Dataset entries
<<<<

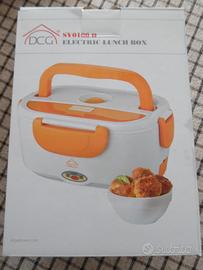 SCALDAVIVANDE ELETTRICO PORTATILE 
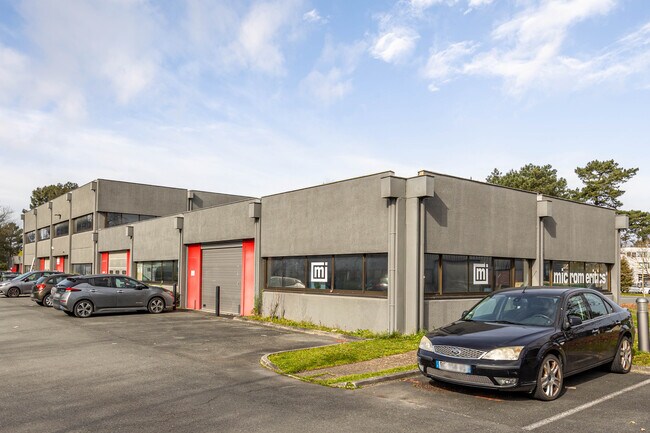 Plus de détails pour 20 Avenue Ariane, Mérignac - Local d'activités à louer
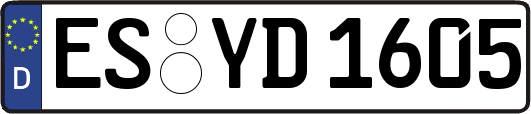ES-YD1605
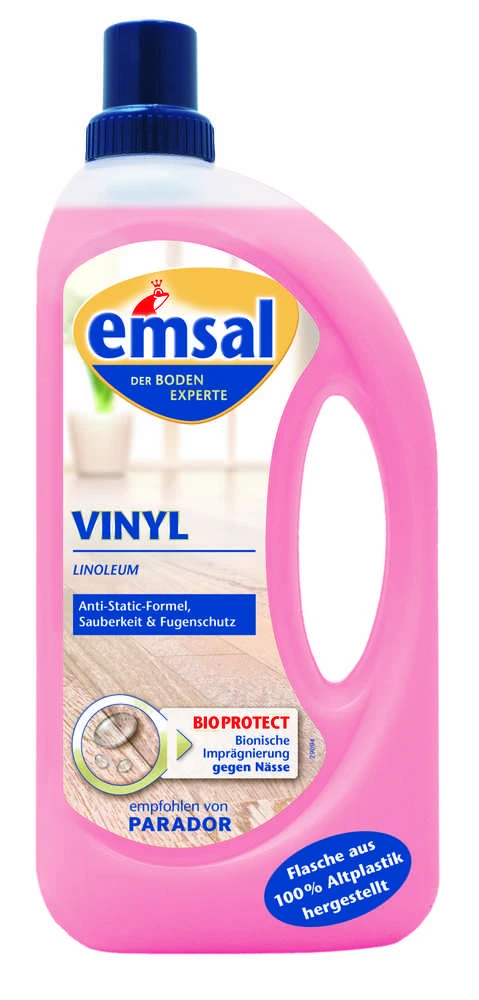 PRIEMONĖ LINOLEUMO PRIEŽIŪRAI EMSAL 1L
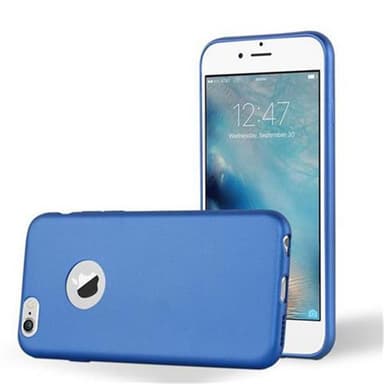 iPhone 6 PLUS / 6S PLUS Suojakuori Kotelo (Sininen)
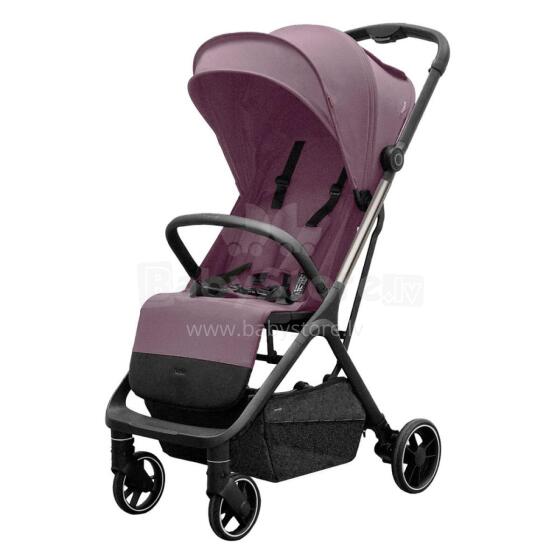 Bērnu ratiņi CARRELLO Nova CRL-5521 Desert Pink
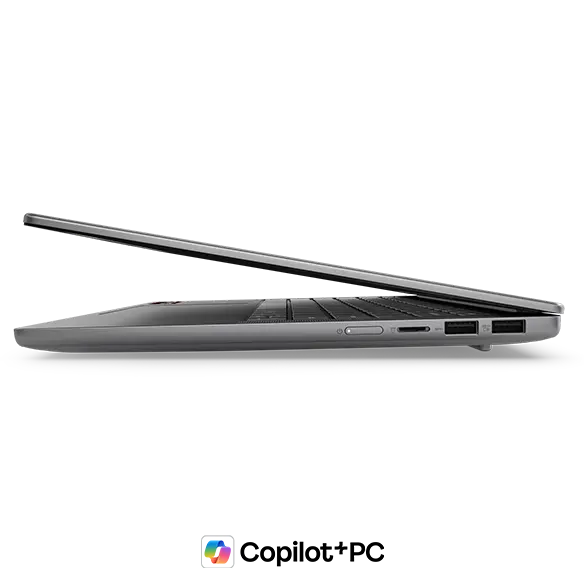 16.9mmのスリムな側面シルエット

>>>>

-- What the task asks --
Write out each line again, exactly as it appears above, except for any picture.

-- Solution to the exercise --
 SCALDAVIVANDE ELETTRICO PORTATILE 
 Plus de détails pour 20 Avenue Ariane, Mérignac - Local d'activités à louer
ES-YD1605
 PRIEMONĖ LINOLEUMO PRIEŽIŪRAI EMSAL 1L
 iPhone 6 PLUS / 6S PLUS Suojakuori Kotelo (Sininen)
 Bērnu ratiņi CARRELLO Nova CRL-5521 Desert Pink
 16.9mmのスリムな側面シルエット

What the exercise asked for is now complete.